Task: The result should be an exact copy of the entries that follow, with no pictures included.

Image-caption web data
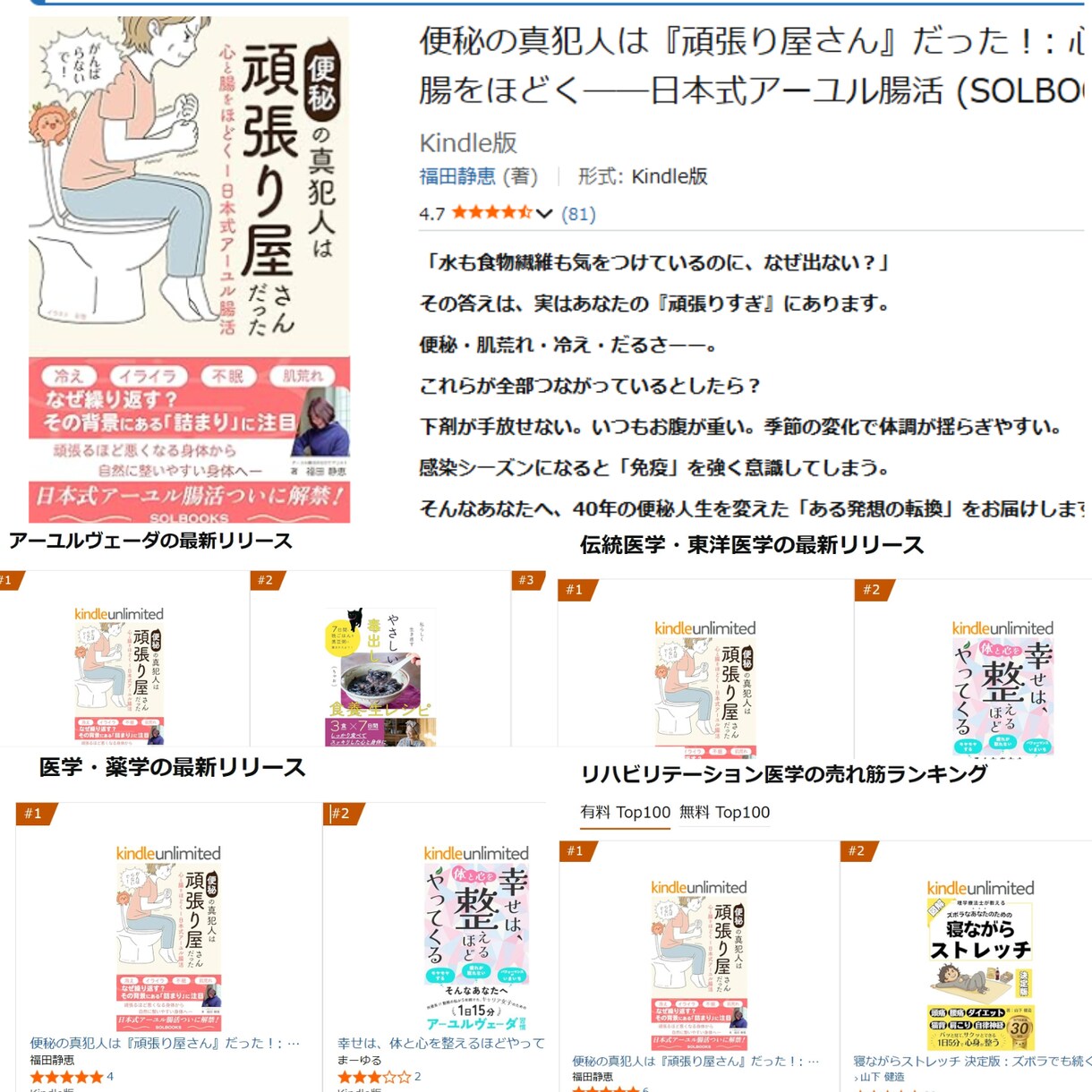 今すぐ楽になりたい便秘の苦しみ、電話で寄り添います ガス腹・残便感・薬の不安…お腹の不調をスッキリ解消へ導きます イメージ2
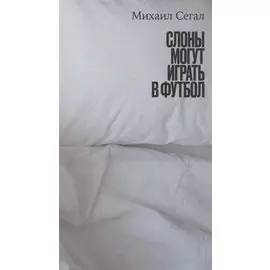 Слоны могут играть в футбол.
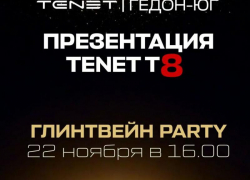 TENET T8 выходит на дороги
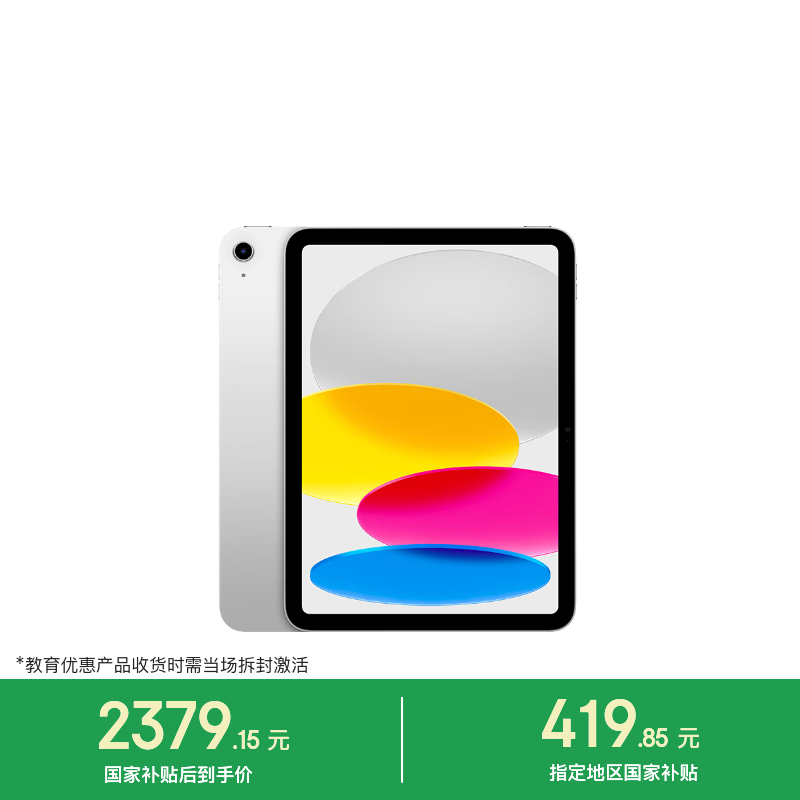 Apple/苹果【教育优惠】iPad 11英寸 A16芯片2025年款 平板电脑 (128GB WLAN版/学习办公娱乐)银色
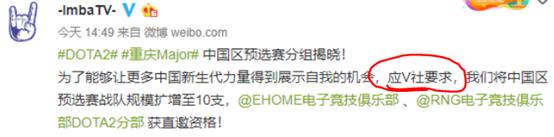 dota2最赖皮的英雄,dota2末日值得练吗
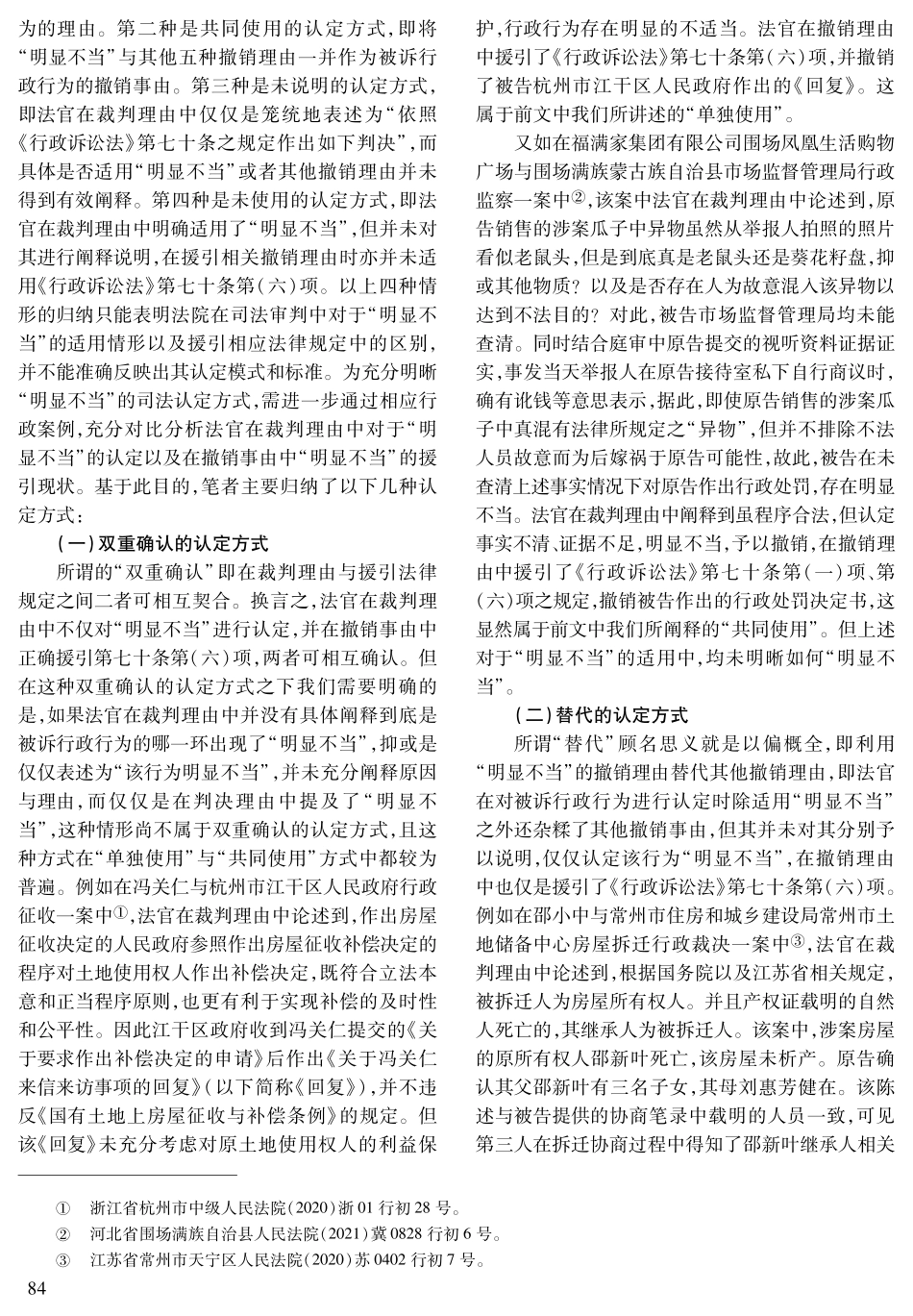 “明显不当”行政行为的司法认定——基于行政裁判案例的分析.pdf_第3页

Solution:
 今すぐ楽になりたい便秘の苦しみ、電話で寄り添います ガス腹・残便感・薬の不安…お腹の不調をスッキリ解消へ導きます イメージ2
 Слоны могут играть в футбол.
 TENET T8 выходит на дороги
 Apple/苹果【教育优惠】iPad 11英寸 A16芯片2025年款 平板电脑 (128GB WLAN版/学习办公娱乐)银色
 dota2最赖皮的英雄,dota2末日值得练吗
 “明显不当”行政行为的司法认定——基于行政裁判案例的分析.pdf_第3页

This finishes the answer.